Alfred Nasoni and his wife, Biti Rose, have had seven children in this village of Masumba. Two died without ever seeing a doctor. Alfred and Biti Rose pulled their eldest son out of school in the fourth grade because, they said, they couldn’t afford $5 in school costs for a term. And they farmed only part of their 2.5 acre plot because they lacked money for seeds.
Yet poverty is sometimes romanticized, and it’s more complicated than that. Alfred, 45, told me that even as his children were starving, he spent an average of $2 a week on local moonshine and 50 cents on cigarettes. He added that he also spent $2 or more a week buying sex from local girls — even though AIDS is widespread.
All this hints at an uncomfortable truth: The suffering associated with poverty is sometimes caused not only by low incomes but also by self-destructive pathologies. In central Kenya, a recently published government study found that men, on average, spent more of their salaries on alcohol than on food.
It’s a vicious circle: despair leads people to self-medicate in ways that compound the despair.

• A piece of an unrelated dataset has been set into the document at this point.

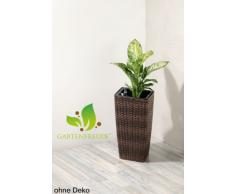 Cuba para plantas de polyrattan marca gartenfreude incluye sistema de riego para el interior y el exterior, marrón bicolor, 12mm 26.5 x 26.5 x 50 cm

Yet there are escape hatches. In 2005, Biti Rose joined a village savings group founded by CARE, the international aid group. These “village savings and loans” are among the hottest ideas in development work. They now serve some six million people in 58 countries.
After recent financial crises, plenty of Americans love to hate banks, but many of the world’s poor don’t have that luxury: more than 2.5 billion people worldwide don’t have a bank account, according to a landmark World Bank report, “Measuring Financial Inclusion.”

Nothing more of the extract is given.